Case in point, Green America’s GMO Inside campaign brought it to the public’s attention last year that General Mills was offering non-GMO Cheerios to consumers in Europe and elsewhere but had failed in making the same product available to U.S. families. The GMO Inside campaign relied heavily on social media, Facebook specifically, to inform and involve consumers in demanding that General Mills phase out GM ingredients in its products. Shortly after being bombarded with over 50,000 online postings, the major food producer announced its plan to make original Cheerios GMO-free for the American public.
On the flip side, social media can also be used by the food industry to improve food safety. For example, last December, experts from the CDC, USDA, FDA, and the International Food Information Council Foundation conducted a special Holiday Food Safety Twitter Chat with tips/tweets for a safer holiday season. Besides educating consumers, there’s also the advantage of learning from your peers—LinkedIn has become a great professional gathering place for experts to discuss common industry issues and new methodologies to protect the food supply.

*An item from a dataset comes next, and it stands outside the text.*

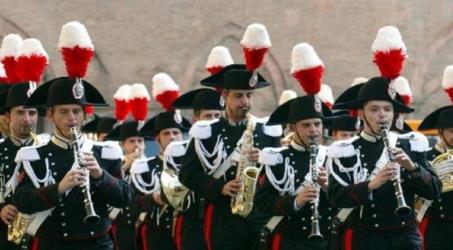 Domani concerto della Fanfara dell’Arma dei Carabinieri a Fuscaldo Scopertura del murale dedicato al Generale Carlo Alberto Dalla Chiesa, premiazione dei vincitori del premio letterario Vittime di Mafia e concerto della Fanfara dell’Arma dei Carabinieri. Sono questi i tre momenti salienti della Giornata della Legalità che, domani, si celebrerà a Fuscaldo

Undoubtedly there are plenty of companies still discounting the importance of social media. Therefore in this issue, we provide some background into what’s brewing between social media and food safety as well as guidance on how to incorporate a social media plan as part of an overall food defense strategy. From ConAgra Foods to Chobani, there are those who are already learning their lessons the hard way when it comes to the power of social media, so make sure your company knows how to wield this power properly.